PER RESTITUIRE CIÒ CHE ABBIAMO RICEVUTO

PER RESTITUIRE CIÒ CHE ABBIAMO RICEVUTO

Verso metà novembre, a Portofranco si presentano due sorelle, di 21 e 16 anni, straniere. Le ragazze, arrivate da poco in Italia, non parlano l’italiano, per fortuna le accompagna la zia, che vive e lavora da tempo in Italia. Questa parente ci racconta che la mamma è così provata e in difficoltà che per ora non riesce a essere di sostegno ai figli e per questo se ne sta occupando lei. L’aiuto immediato che ci chiede sono lezioni di italiano, consapevole del fatto che sono assolutamente necessarie per intraprendere un percorso scolastico.
Altro argomento affrontato: la valutazione di un istituto scolastico adatto per la ragazza più piccola. Nel dialogo si percepiva tutta la preoccupazione della zia verso le nipoti. Ci siamo lasciati con la promessa che avremmo fatto un lavoro di ricerca avvalendoci dei nostri amici insegnanti e che al più presto l’avremmo richiamata per fissare una prima lezione di lingua italiana.
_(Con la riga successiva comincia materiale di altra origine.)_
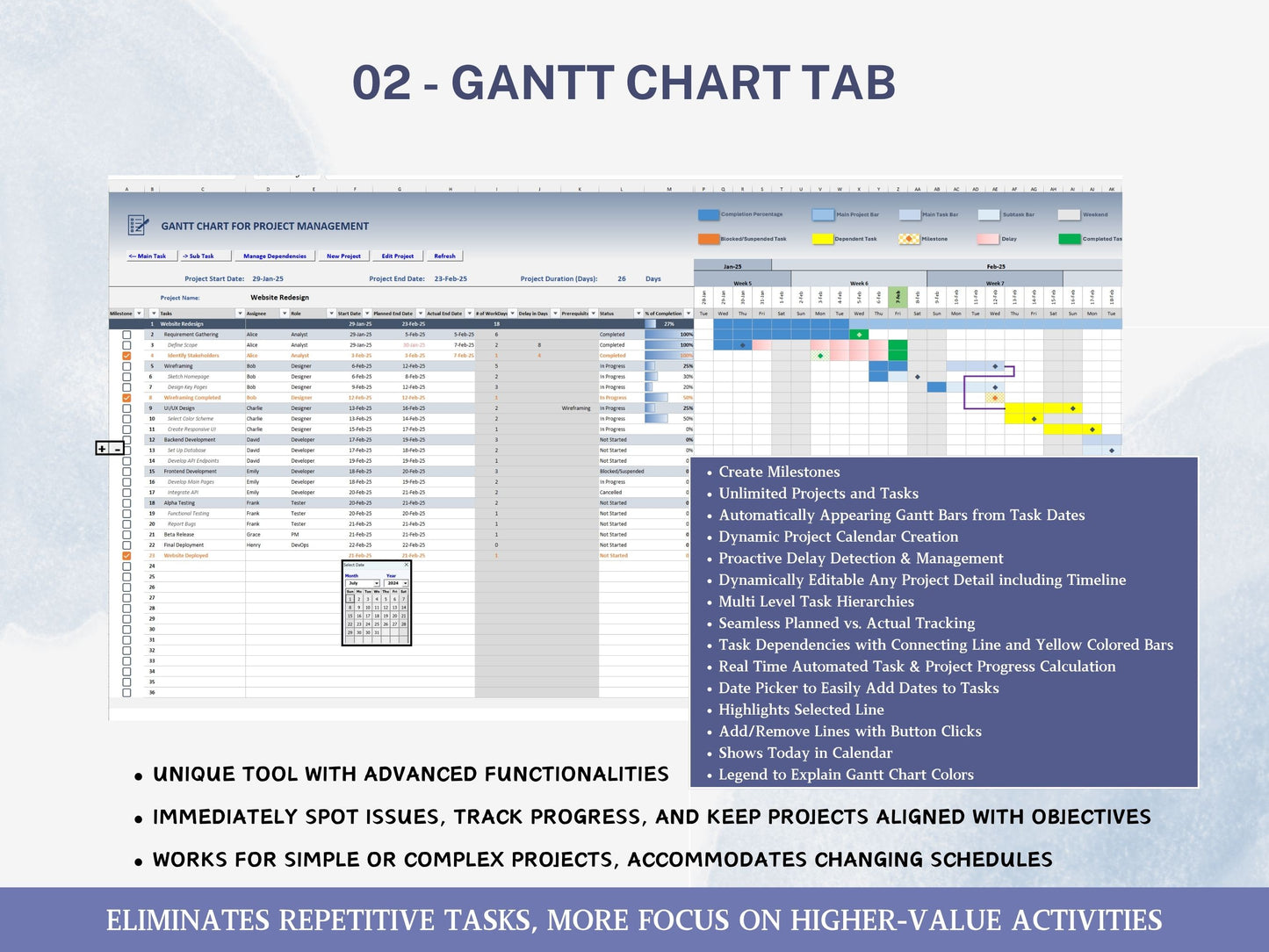 Automated Project Planner Gantt Chart Excel Spreadsheet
Appena chiusa la porta, come spesso ci accade, ci investe un senso di inadeguatezza e di impotenza, nel toccare con mano un bisogno che va ben oltre il piccolo aiuto che possiamo offrire. Il pensiero di questo incontro, del volto triste di una delle ragazze, nascosta sotto il cappuccio, non si allontana dalla mente, e iniziamo a pensare e ripensare a una qualche possibile soluzione.
Poi l’idea! Conosciamo una famiglia proveniente dal loro stresso Paese, sono degli amici. La figlia più piccola ormai ventunenne a suo tempo ha frequentato Portofranco. Telefoniamo alla mamma, le raccontiamo delle ragazze, della zia affannata, delle difficoltà della mamma, del problema della lingua. Le chiediamo se possiamo proporre a sua figlia, ora universitaria, di venire a insegnare italiano alle ragazze. Lei dopo aver ascoltato le nostre parole un po’ concitate dice: «Ho appena rivissuto tutta la mia vita, di quando sono arrivata in Italia, e dico che è arrivato per noi il tempo di restituire ciò che abbiamo ricevuto e riceviamo, quando torna lo dico a mia figlia e grazie».

La sera stessa ci chiama la ragazza per dire che i giorni liberi dalle lezioni sono il martedì ed il giovedì, proprio i due pomeriggi in cui Portofranco è aperto.
Dopo la prima lezione gli occhi della sedicenne brillano… E del cappuccio non c’è più bisogno.